PROBLEM DETAILS: Your result should be every line of the records below that contains the word "Shaped".

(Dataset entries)
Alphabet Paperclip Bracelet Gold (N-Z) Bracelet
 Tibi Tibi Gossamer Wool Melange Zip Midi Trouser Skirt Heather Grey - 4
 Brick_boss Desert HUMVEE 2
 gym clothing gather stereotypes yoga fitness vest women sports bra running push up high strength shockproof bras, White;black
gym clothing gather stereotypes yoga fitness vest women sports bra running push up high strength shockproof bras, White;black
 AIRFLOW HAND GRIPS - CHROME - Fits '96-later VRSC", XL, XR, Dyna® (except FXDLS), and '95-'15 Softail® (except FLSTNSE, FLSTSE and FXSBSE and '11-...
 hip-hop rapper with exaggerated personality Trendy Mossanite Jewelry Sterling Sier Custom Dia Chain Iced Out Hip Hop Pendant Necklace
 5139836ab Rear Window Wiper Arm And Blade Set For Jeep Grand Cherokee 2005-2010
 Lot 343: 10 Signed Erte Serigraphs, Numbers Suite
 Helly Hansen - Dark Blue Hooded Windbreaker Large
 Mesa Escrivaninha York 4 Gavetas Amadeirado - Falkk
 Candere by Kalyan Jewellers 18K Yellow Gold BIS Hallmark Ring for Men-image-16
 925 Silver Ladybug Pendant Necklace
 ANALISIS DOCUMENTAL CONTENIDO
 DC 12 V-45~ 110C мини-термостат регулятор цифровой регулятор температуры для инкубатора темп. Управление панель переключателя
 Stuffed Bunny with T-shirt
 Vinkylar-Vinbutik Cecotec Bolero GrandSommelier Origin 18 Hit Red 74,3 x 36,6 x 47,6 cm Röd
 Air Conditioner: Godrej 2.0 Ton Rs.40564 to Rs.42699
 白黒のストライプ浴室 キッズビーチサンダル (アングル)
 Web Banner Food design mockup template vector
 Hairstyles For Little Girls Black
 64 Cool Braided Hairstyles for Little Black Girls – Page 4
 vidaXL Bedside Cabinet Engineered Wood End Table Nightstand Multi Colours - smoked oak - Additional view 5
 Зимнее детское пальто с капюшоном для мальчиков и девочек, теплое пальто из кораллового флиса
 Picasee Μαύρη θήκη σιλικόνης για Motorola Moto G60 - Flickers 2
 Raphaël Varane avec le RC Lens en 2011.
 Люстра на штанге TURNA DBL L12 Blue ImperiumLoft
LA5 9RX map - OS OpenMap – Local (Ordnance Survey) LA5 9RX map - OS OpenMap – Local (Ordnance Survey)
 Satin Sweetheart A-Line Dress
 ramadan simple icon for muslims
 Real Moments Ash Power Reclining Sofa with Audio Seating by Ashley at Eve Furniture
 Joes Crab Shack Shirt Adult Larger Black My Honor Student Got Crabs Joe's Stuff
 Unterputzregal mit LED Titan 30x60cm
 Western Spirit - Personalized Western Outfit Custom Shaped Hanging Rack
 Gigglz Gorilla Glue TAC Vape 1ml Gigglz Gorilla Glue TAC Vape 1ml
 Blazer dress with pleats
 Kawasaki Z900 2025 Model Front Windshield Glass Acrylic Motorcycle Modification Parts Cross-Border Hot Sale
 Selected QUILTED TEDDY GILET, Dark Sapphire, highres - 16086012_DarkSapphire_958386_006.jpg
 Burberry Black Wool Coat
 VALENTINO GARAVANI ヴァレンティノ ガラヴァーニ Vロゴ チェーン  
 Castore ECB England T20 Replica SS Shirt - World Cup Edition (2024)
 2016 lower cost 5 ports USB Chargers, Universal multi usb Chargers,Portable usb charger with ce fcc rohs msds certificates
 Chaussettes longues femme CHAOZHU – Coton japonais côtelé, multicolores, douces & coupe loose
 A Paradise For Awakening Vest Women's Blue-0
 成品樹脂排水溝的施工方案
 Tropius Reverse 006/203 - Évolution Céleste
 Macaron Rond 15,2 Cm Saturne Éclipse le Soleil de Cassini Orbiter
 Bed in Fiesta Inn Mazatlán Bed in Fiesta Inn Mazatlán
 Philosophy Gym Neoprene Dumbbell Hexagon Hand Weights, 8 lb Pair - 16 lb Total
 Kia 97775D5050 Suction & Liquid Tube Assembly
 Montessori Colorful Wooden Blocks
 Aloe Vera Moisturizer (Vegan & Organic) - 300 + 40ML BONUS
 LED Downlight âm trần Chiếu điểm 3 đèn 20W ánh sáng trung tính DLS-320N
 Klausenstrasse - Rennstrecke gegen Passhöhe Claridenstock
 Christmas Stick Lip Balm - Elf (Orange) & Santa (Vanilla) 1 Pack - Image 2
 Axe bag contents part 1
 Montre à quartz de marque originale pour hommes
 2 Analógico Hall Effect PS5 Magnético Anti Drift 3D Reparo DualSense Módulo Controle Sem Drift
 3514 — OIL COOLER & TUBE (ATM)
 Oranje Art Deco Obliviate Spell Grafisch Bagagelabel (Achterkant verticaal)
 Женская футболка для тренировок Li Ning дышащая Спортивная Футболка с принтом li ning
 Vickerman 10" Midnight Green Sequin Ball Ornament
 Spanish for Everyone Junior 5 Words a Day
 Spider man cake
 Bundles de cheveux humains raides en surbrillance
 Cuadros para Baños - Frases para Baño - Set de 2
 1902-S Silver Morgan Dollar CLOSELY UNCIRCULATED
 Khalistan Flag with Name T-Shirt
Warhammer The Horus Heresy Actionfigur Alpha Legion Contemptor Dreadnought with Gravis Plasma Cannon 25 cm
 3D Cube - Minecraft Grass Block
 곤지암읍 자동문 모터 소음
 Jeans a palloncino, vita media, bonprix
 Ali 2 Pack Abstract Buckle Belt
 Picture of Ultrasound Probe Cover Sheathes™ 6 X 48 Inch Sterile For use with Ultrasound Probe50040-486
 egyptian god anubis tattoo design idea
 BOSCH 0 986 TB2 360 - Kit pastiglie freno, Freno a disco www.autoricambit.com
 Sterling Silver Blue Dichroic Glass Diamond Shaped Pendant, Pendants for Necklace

YOUR RESPONSE:
 Western Spirit - Personalized Western Outfit Custom Shaped Hanging Rack
 Sterling Silver Blue Dichroic Glass Diamond Shaped Pendant, Pendants for Necklace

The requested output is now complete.